EXTRACTED DATA:

━━━━━━━━━━━━━━━━

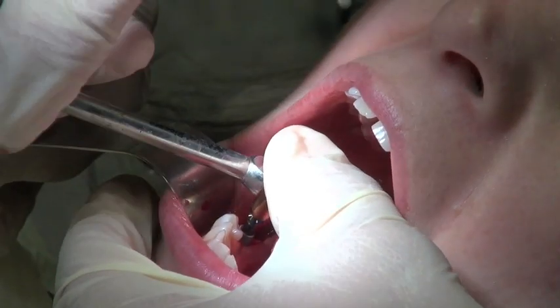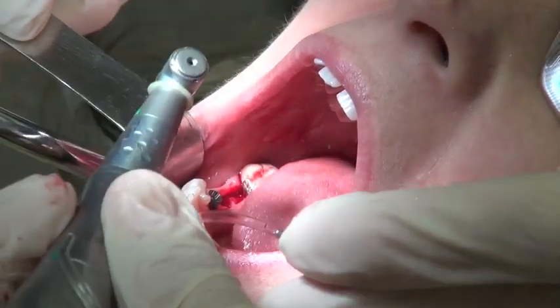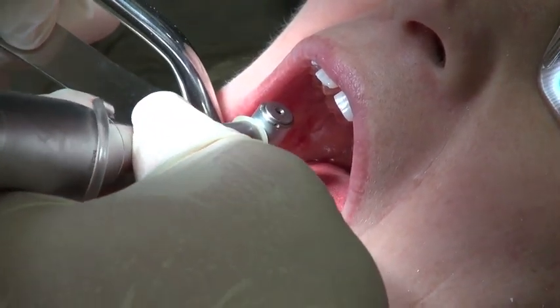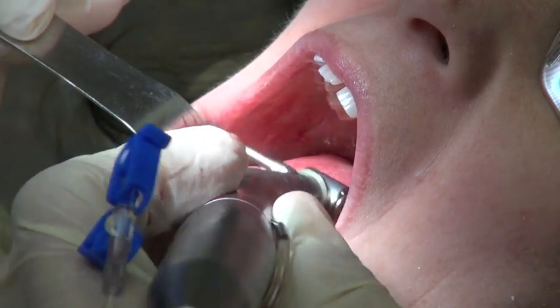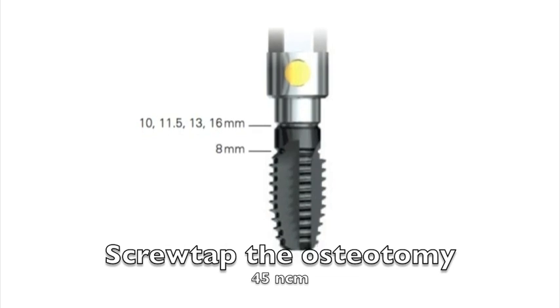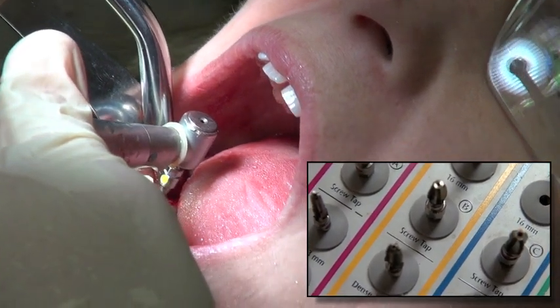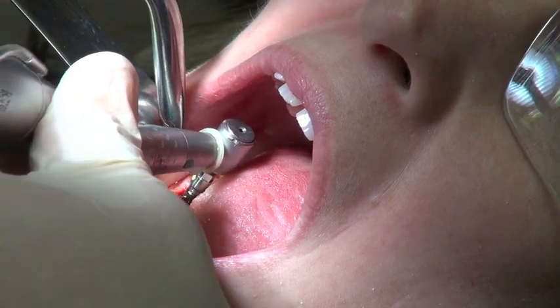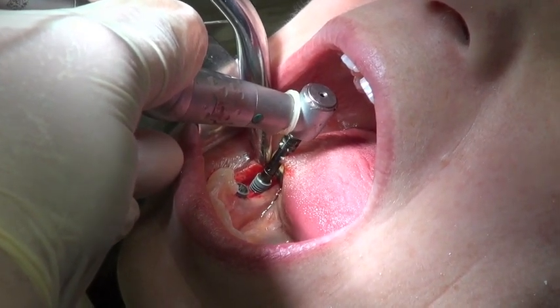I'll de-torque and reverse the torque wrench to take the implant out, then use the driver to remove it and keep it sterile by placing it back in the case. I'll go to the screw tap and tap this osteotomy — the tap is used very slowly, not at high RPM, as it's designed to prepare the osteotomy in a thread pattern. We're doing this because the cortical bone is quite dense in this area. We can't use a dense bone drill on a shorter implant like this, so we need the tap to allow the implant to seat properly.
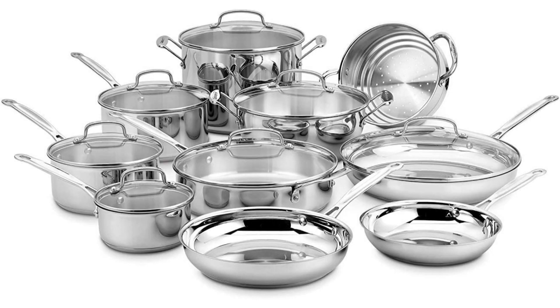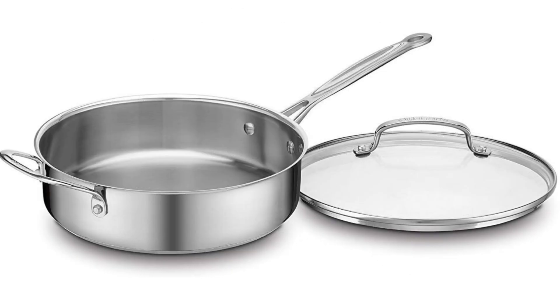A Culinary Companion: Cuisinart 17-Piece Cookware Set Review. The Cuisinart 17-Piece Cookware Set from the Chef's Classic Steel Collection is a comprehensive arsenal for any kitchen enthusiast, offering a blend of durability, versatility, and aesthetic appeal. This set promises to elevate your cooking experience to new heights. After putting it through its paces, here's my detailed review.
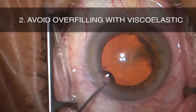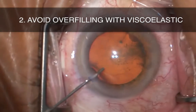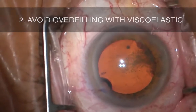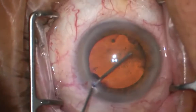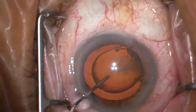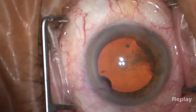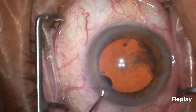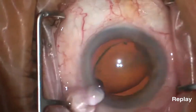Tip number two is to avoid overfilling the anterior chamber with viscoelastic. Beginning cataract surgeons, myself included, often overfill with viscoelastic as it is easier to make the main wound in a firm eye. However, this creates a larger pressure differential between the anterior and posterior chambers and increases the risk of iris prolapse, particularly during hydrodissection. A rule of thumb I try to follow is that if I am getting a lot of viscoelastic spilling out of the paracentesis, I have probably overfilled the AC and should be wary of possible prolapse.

━━━━━━━━━━━━━━━━

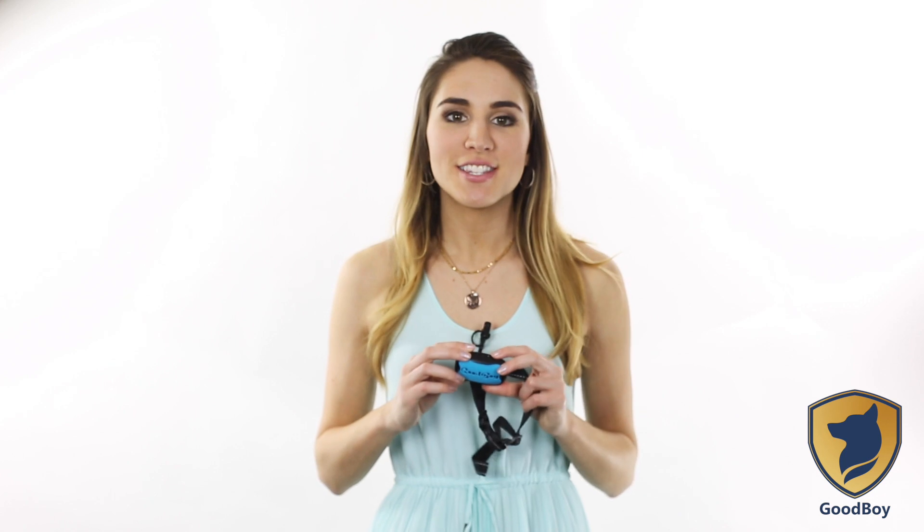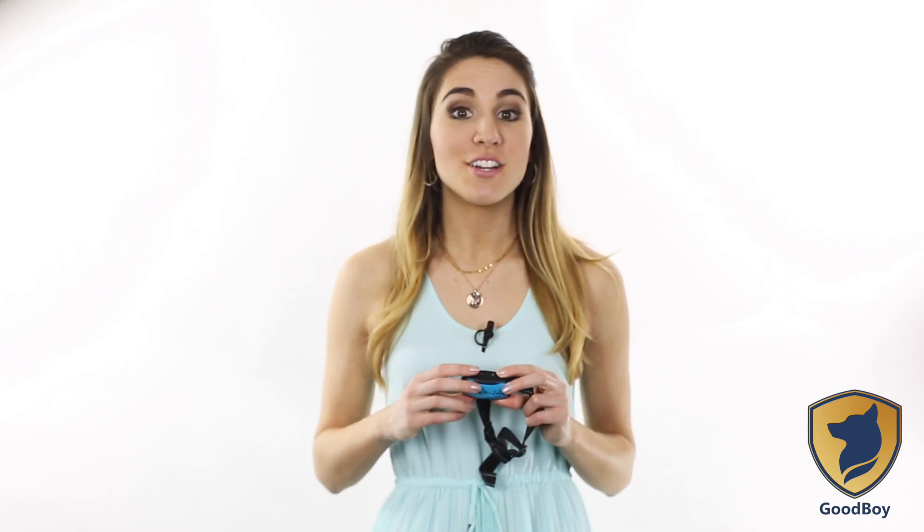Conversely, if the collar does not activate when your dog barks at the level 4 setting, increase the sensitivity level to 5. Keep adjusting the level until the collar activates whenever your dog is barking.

━━━━━━━━━━━━━━━━

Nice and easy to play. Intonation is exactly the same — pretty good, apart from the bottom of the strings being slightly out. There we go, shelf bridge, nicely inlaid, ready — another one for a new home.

━━━━━━━━━━━━━━━━

WHAT THE EXERCISE ASKS: Each line from the one that contains "I'll de-torque and" down to the one that contains "A Culinary Companion: Cuisinart" is to be returned exactly as it stands above, both ends included, with pictures removed.

RESULT BELOW:
I'll de-torque and reverse the torque wrench to take the implant out, then use the driver to remove it and keep it sterile by placing it back in the case. I'll go to the screw tap and tap this osteotomy — the tap is used very slowly, not at high RPM, as it's designed to prepare the osteotomy in a thread pattern. We're doing this because the cortical bone is quite dense in this area. We can't use a dense bone drill on a shorter implant like this, so we need the tap to allow the implant to seat properly.
A Culinary Companion: Cuisinart 17-Piece Cookware Set Review. The Cuisinart 17-Piece Cookware Set from the Chef's Classic Steel Collection is a comprehensive arsenal for any kitchen enthusiast, offering a blend of durability, versatility, and aesthetic appeal. This set promises to elevate your cooking experience to new heights. After putting it through its paces, here's my detailed review.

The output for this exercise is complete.